Respiratory support can mean the difference between life and death for Covid-19 patients.
About one in six people who contracts the disease becomes seriously ill and develop difficulty breathing.
While this is most likely the elderly and people with blood pressure, heart or lung problems, or those with diabetes, about half of the patients requiring intensive care unit (ICU) admission in Ireland so far are under 50.
In those scenarios, with no medical cure for coronavirus, the "superheroes in gowns and scrubs" rely on ventilators and other breathing-support systems to help save lives.
Professor John Laffey, of NUI Galway and consultant in anaesthesia and intensive care medicine at Galway University Hospitals, said that when a patient came in with Covid-19, they would have a massive inflammation of the lungs and respiratory failure and, therefore, very low oxygen levels. Respiratory support allows medics to get a supply of oxygen into the lungs, assisting the patient's breathing until they can function normally.
But there may not be enough ventilators to deal with demand. Italian doctor Daniele Macchini said recently: "Every ventilator becomes like gold."
Doctors in some of the worst-affected countries have had to make very difficult decisions about to whom they offer this life-supporting measure.
In Galway, a global hub for medical devices, Prof Laffey is part of a team of academics and industry representatives brainstorming to meet the ventilator challenge, with an idea borrowed from how US hospitals deal with an influx of victims of mass shootings.
The group is led by Professor Martin O'Halloran of the College of Engineering, an award-winning researcher in the area of medical devices.
One key task they have set themselves is getting each ventilator to ventilate two patients at the same time.
"There is a realistic possibility," said Prof Laffey.
The approach has been used in mass casualty situations, such as shootings in the US, where a person has normal lung function.
"Their lungs are OK, so you can split the lines of the ventilator in two," he said.
While this works well temporarily if the patient has normal lung function, it is not that simple when dealing with Covid-19.
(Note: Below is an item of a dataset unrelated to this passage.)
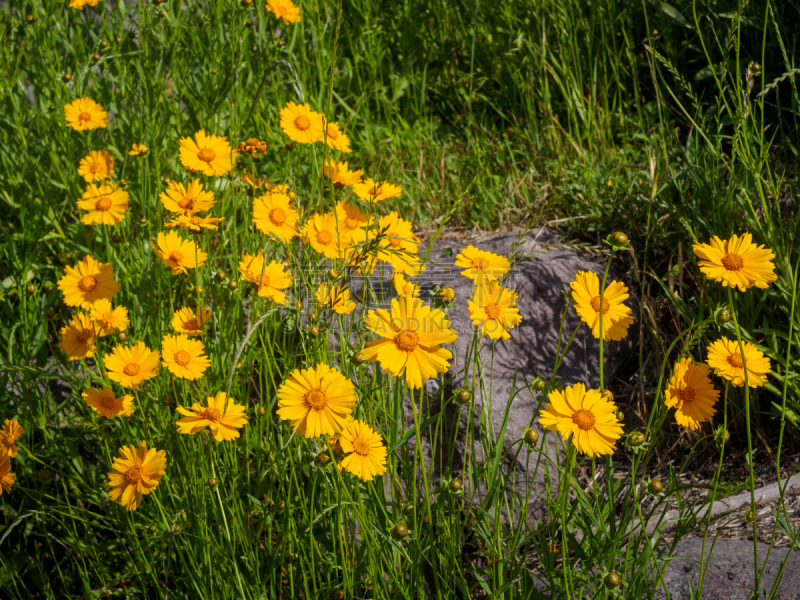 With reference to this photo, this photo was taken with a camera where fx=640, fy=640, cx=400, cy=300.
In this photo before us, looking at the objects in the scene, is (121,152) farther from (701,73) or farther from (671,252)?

"It is not sophisticated enough for people with injured lungs, who may need different levels of breathing support.
"We need to build technology into them. The idea would be to connect two patients with different degrees of lung injury to a single ventilator and regulate what they get independently. This is a very significant engineering and technological challenge, but we are making good progress towards a solution," he said.
The group is also tackling another challenge thrown up by Covid-19, as it develops approaches to minimise the risks to healthcare workers associated with the use of certain forms of non-invasive ventilation.
Non-invasive ventilation, usually involving placing a mask on the face or a device in the nostrils, is used for patients with less severe breathing problems, and can avoid the need for a ventilator.
But with Covid-19 patients, certain non-invasive supports can potentially expose hospital staff to the virus. These are systems that use pressure to push air into patients, generating aerosol mists that may contain virus particles from the patient's breath. These can leak into the atmosphere when, for instance, a mask does not create a seal around the face.
"When someone breathes out, they breathe out moisture particles that potentially contain the virus," said Prof Laffey.
Because of these risks, restrictions are placed on the use of these systems and Prof Laffey said they were seeking to make them safer through finding ways to capture the aerosol.